▶ **EXERCISE**
Write out again, exactly, the lines below starting at the one with "God's Big Book" and ending at the one with "Front cover_The Practical".

(Dataset items)

########

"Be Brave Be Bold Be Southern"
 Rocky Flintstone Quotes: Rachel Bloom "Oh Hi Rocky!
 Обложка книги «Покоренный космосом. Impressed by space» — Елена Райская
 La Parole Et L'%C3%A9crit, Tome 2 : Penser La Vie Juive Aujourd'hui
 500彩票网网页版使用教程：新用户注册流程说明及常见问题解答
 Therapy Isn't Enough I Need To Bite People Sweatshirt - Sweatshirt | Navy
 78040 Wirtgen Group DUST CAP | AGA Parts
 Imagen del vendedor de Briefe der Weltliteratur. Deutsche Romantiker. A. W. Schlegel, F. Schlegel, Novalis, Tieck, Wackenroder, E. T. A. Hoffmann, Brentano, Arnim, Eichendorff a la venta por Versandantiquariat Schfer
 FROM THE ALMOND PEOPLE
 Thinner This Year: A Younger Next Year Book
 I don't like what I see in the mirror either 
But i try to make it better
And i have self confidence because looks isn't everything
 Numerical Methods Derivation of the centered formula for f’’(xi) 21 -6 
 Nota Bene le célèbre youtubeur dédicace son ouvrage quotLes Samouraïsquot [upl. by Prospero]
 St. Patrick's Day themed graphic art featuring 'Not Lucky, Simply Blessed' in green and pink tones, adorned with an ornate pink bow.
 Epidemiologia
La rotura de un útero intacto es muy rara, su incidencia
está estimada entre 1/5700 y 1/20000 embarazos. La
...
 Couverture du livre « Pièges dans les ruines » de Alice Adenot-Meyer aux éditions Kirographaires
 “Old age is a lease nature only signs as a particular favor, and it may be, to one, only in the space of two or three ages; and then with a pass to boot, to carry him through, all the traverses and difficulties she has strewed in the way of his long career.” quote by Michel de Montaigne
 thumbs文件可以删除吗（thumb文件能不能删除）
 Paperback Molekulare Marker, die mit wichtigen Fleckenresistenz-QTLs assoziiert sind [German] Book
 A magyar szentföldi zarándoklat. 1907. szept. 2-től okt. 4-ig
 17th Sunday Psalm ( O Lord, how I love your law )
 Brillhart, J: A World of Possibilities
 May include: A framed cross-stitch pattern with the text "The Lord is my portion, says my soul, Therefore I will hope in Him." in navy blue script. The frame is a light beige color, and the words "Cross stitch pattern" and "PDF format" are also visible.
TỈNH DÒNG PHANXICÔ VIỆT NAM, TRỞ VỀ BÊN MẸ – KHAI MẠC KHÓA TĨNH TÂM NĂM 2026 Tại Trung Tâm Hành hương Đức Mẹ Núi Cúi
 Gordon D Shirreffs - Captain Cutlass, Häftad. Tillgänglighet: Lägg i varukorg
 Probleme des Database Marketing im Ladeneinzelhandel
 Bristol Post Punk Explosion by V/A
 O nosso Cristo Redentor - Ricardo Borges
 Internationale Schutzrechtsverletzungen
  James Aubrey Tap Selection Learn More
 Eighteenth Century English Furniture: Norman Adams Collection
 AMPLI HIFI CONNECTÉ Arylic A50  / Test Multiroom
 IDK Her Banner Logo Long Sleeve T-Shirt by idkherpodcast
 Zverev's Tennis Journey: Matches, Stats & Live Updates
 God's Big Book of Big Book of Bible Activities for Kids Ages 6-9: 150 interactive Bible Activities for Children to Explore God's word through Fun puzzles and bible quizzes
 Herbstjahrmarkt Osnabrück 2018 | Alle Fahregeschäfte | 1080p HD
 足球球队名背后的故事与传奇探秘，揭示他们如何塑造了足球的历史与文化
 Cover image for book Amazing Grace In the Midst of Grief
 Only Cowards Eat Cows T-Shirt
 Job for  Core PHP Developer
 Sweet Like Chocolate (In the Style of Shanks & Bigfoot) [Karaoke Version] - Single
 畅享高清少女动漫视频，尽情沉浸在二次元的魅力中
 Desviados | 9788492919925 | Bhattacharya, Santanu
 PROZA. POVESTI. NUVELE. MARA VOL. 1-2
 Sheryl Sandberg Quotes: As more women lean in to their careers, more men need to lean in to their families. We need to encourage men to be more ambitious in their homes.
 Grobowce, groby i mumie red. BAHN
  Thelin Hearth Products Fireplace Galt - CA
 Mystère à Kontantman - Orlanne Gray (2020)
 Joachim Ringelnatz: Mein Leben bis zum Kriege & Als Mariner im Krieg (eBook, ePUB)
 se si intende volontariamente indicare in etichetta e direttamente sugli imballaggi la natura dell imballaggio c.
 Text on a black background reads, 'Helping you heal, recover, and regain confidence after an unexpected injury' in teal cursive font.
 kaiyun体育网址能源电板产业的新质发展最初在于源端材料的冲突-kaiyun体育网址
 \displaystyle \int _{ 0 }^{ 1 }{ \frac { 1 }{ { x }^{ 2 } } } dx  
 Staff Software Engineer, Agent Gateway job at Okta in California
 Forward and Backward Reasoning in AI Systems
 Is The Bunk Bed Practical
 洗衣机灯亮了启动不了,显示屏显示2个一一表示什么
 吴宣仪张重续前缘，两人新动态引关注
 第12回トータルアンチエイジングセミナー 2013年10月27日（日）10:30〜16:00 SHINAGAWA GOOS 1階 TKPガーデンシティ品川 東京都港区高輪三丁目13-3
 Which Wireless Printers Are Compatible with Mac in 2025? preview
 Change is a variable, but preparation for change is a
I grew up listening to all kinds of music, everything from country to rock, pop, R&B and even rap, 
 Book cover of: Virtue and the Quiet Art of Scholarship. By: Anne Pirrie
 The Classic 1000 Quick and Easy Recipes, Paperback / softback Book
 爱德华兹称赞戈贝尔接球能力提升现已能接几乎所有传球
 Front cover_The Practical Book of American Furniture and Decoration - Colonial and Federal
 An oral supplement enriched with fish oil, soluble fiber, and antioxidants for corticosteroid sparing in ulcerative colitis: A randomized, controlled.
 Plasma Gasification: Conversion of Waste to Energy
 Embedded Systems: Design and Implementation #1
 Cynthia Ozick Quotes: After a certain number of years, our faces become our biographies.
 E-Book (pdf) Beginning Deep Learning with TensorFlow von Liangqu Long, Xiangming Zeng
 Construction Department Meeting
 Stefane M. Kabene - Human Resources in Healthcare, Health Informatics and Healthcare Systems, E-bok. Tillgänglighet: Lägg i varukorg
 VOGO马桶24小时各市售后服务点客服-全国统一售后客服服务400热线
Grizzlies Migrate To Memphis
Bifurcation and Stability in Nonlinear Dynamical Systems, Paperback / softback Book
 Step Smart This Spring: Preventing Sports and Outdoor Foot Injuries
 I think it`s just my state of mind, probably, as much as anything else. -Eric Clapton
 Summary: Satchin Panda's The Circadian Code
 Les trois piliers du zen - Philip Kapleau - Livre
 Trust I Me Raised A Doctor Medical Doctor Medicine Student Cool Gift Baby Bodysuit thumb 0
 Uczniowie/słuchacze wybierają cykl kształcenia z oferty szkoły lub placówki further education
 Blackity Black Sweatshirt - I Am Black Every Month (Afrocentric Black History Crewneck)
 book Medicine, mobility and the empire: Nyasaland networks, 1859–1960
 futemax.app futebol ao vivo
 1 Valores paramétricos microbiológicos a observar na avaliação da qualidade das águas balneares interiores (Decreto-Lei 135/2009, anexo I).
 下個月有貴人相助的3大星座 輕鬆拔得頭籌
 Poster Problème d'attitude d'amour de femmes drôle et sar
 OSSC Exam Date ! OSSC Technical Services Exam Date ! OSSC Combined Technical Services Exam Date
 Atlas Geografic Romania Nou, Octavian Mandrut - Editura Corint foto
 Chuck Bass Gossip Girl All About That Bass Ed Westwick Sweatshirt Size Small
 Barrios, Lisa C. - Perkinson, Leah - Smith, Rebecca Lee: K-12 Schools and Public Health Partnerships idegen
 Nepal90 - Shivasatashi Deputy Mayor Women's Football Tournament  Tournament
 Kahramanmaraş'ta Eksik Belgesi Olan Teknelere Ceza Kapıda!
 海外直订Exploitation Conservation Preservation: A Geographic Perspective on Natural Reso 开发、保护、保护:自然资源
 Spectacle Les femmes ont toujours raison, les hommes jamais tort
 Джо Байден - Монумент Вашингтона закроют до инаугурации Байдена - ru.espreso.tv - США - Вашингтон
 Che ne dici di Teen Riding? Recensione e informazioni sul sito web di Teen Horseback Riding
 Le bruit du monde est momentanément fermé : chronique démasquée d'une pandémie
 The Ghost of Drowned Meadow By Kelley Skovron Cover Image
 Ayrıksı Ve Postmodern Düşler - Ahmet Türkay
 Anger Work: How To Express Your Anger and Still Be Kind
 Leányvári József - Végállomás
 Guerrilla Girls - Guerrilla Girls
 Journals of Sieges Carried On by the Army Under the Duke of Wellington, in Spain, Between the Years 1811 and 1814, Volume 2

########

▶ **SOLUTION TO THIS TASK**
 God's Big Book of Big Book of Bible Activities for Kids Ages 6-9: 150 interactive Bible Activities for Children to Explore God's word through Fun puzzles and bible quizzes
 Herbstjahrmarkt Osnabrück 2018 | Alle Fahregeschäfte | 1080p HD
 足球球队名背后的故事与传奇探秘，揭示他们如何塑造了足球的历史与文化
 Cover image for book Amazing Grace In the Midst of Grief
 Only Cowards Eat Cows T-Shirt
 Job for  Core PHP Developer
 Sweet Like Chocolate (In the Style of Shanks & Bigfoot) [Karaoke Version] - Single
 畅享高清少女动漫视频，尽情沉浸在二次元的魅力中
 Desviados | 9788492919925 | Bhattacharya, Santanu
 PROZA. POVESTI. NUVELE. MARA VOL. 1-2
 Sheryl Sandberg Quotes: As more women lean in to their careers, more men need to lean in to their families. We need to encourage men to be more ambitious in their homes.
 Grobowce, groby i mumie red. BAHN
  Thelin Hearth Products Fireplace Galt - CA
 Mystère à Kontantman - Orlanne Gray (2020)
 Joachim Ringelnatz: Mein Leben bis zum Kriege & Als Mariner im Krieg (eBook, ePUB)
 se si intende volontariamente indicare in etichetta e direttamente sugli imballaggi la natura dell imballaggio c.
 Text on a black background reads, 'Helping you heal, recover, and regain confidence after an unexpected injury' in teal cursive font.
 kaiyun体育网址能源电板产业的新质发展最初在于源端材料的冲突-kaiyun体育网址
 \displaystyle \int _{ 0 }^{ 1 }{ \frac { 1 }{ { x }^{ 2 } } } dx  
 Staff Software Engineer, Agent Gateway job at Okta in California
 Forward and Backward Reasoning in AI Systems
 Is The Bunk Bed Practical
 洗衣机灯亮了启动不了,显示屏显示2个一一表示什么
 吴宣仪张重续前缘，两人新动态引关注
 第12回トータルアンチエイジングセミナー 2013年10月27日（日）10:30〜16:00 SHINAGAWA GOOS 1階 TKPガーデンシティ品川 東京都港区高輪三丁目13-3
 Which Wireless Printers Are Compatible with Mac in 2025? preview
 Change is a variable, but preparation for change is a
I grew up listening to all kinds of music, everything from country to rock, pop, R&B and even rap, 
 Book cover of: Virtue and the Quiet Art of Scholarship. By: Anne Pirrie
 The Classic 1000 Quick and Easy Recipes, Paperback / softback Book
 爱德华兹称赞戈贝尔接球能力提升现已能接几乎所有传球
 Front cover_The Practical Book of American Furniture and Decoration - Colonial and Federal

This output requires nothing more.